**Problem to work on:** For this exercise, write out each entry below exactly, omitting the images.

Data extracts section start

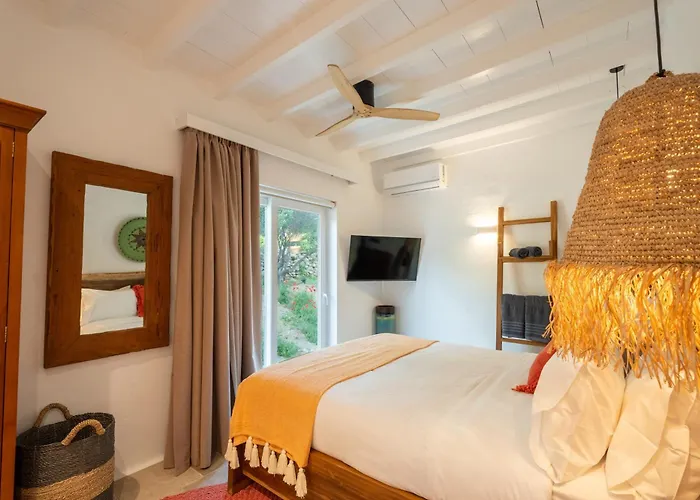 فيلة Zina Sunset View St Lazaros 8 Bedrooms *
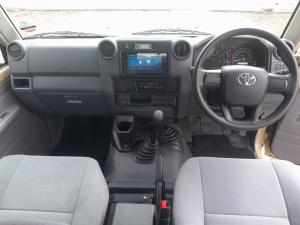 Toyota Land Cruiser 79 4.2D double cab - Image 6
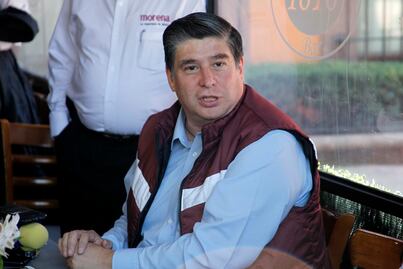 Líder de Morena va como diplomático 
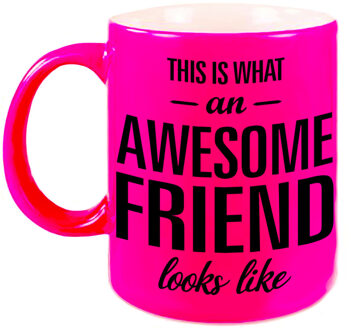 Bellatio Decorations Awesome friend cadeau mok / beker neon roze voor vriend of vriendin 330 ml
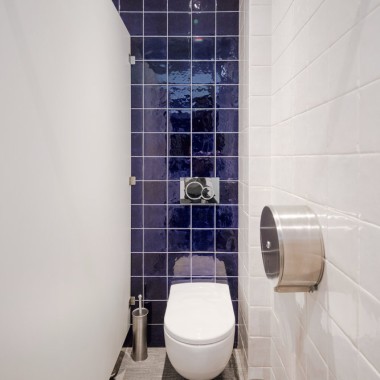 Casa de banho com sanita suspensa e placa Geberit Sigma01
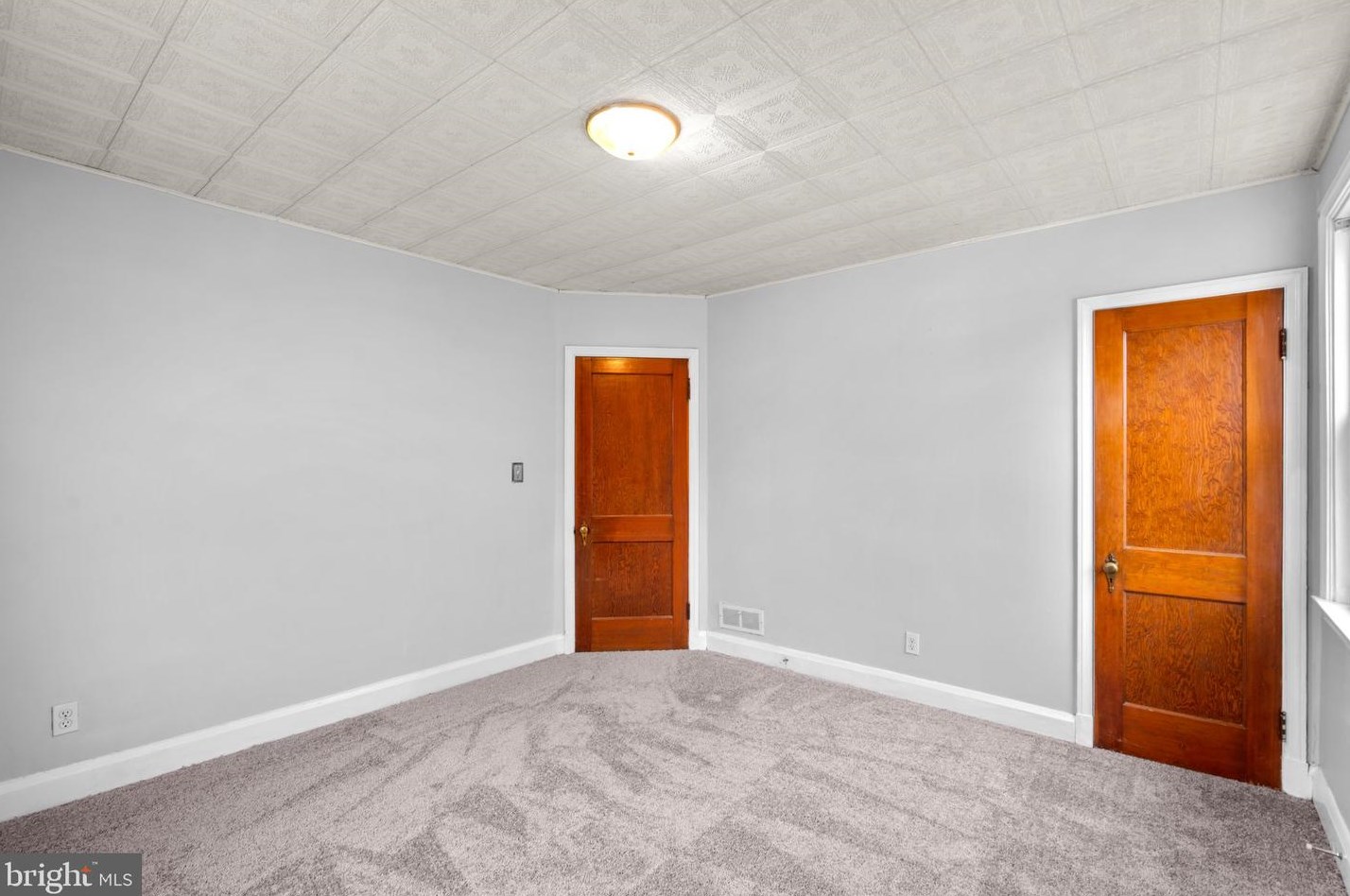 3121 Woodring Ave, Baltimore MD  21234-7830 exterior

Data extracts section end

**Solution to the exercise:**
 فيلة Zina Sunset View St Lazaros 8 Bedrooms *
 Toyota Land Cruiser 79 4.2D double cab - Image 6
 Líder de Morena va como diplomático 
 Bellatio Decorations Awesome friend cadeau mok / beker neon roze voor vriend of vriendin 330 ml
 Casa de banho com sanita suspensa e placa Geberit Sigma01
 3121 Woodring Ave, Baltimore MD  21234-7830 exterior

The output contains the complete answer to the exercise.